VSP has provides low-income, uninsured children with free eyecare.
In other legalities:
The Securities and Exchange Commission reported that a final judgment by consent was entered by the U.S. District Court of the District of Massachusetts against Howard Richman, the former head of regulatory affairs of Biopure (Cambridge, Massachusetts) in a previously-filed action alleging misleading public statements about the company's efforts to obtain FDA approval for its primary product, Hemopure, a synthetic blood product.
The final judgment against Richman, age 56, of Houston, Texas entered on Aug. 6, 2008, permanently enjoins Richman from violating the antifraud and other provisions of the federal securities laws, permanently bars Richman from serving as an officer or director of any public company and orders him to pay a $150,000 civil penalty.
The commission's complaint, filed Sept. 14, 2005, alleges that, beginning in April 2003, Biopure received negative information from the FDA regarding its efforts to obtain FDA approval of its synthetic blood product Hemopure but failed to disclose the information, or falsely described it as positive developments. Specifically, the complaint alleges that in April 2003, the FDA placed a clinical hold barring Biopure from conducting clinical trials of Hemopure in trauma settings such as emergency rooms, because of safety concerns about Hemopure.
The complaint further alleges that, during the next eight months, Richman and other Biopure employees concealed the imposition of the clinical hold while making public statements about Biopure's plans to obtain approval for trauma uses of Hemopure. In addition, according to the complaint, in July 2003 the FDA informed Biopure that it had not approved Biopure's application for use of Hemopure in orthopedic surgery, and instead conveyed serious concerns about whether the materials Biopure had submitted in support of its application were reliable and questioning the safety of Hemopure.
The final judgment also permanently bars Richman from serving as an officer or director of any public company and imposes a civil penalty in the amount of $150,000.
Biopure and three others previously settled SEC charges concerning the same conduct (MDD, Feb. 23, 2007).
Candela (Wayland, Massachusetts) reported that the U.S. District Court for the Eastern District of Texas, Lufkin Division issued a Markman ruling on Aug. 6 in Candela's patent lawsuit against Palomar Medical Technologies (PMTI; Cambridge, Massachusetts).
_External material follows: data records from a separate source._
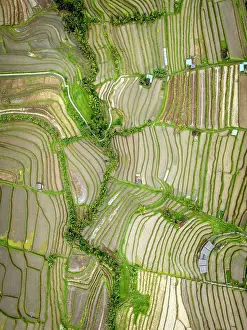 Paddy Fields Prints: Rice Terraces at Jatiluwih, Bali, Indonesia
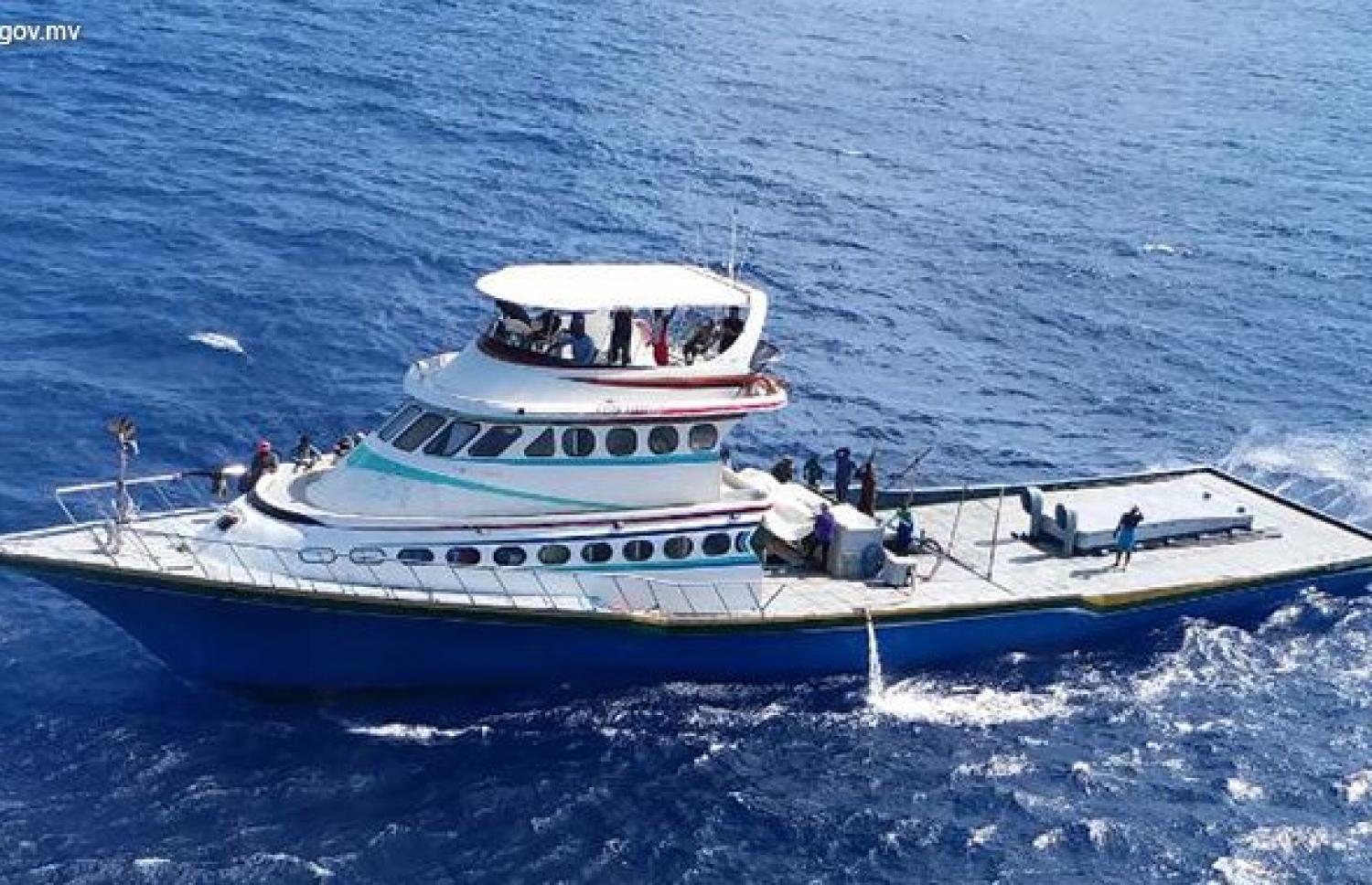 މަސްދޯނި ފަހަރަށް، ލައިސެންސު ދޭ އުސޫލަށް ބަދަލުތަކެއް ގެނެސްފި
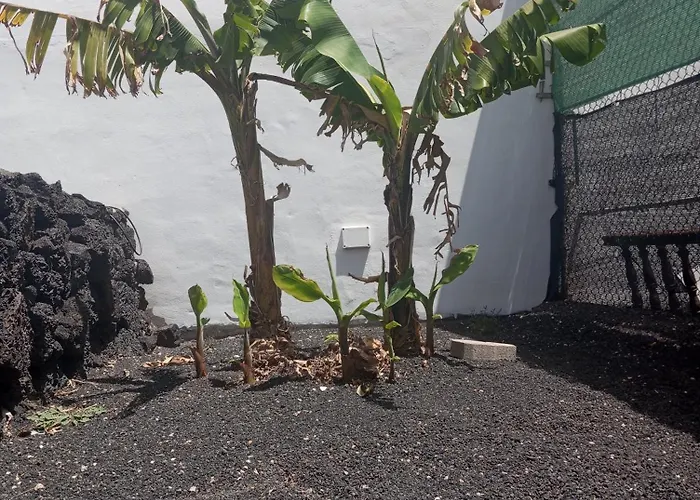 펜션 Casa Siempreviva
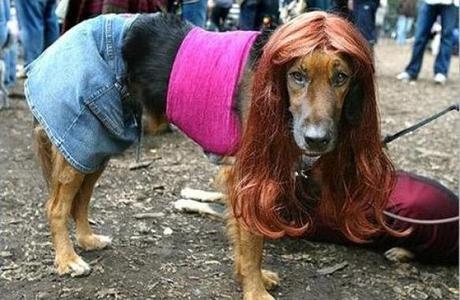 Weirdest Dog Costumes — The World of Kitsch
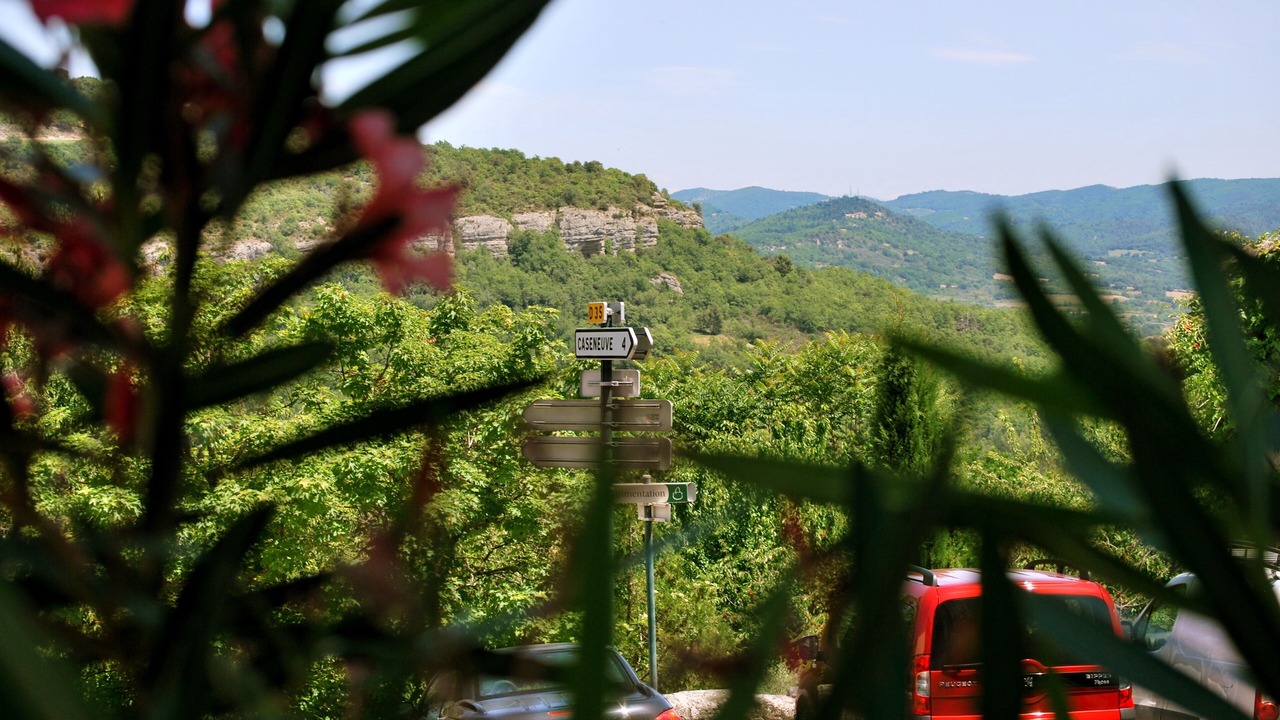 Photo of Others in Saint-Martin-de-Castillon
In a Markman ruling, a district court hearing a patent infringement case interprets and rules on the scope and meaning of disputed patent claim language regarding the patents in suit. A Markman decision is often a significant factor in the progress and outcome of patent infringement litigation.
In the recently issued Markman Order, the court adopted interpretations that Candela believes are favorable to it on all claim terms that were in dispute in the litigation.
On Dec. 19, 2006, Candela filed a patent infringement complaint against PMTI in the U.S. District Court for the Eastern District of Texas, Lufkin Division, asserting that Palomar's Lux 1540, Lux DeepIR, Lux IR, Lux G, and Lux Y handpieces willfully infringe upon one or more of U.S. patents: 5,810,801, 6,659,999 and 6,120,497.
Candela distributes clinical solutions that enable physicians, surgeons, and personal care practitioners to treat selected cosmetic and medical conditions using lasers, aesthetic laser systems, and other advanced technologies.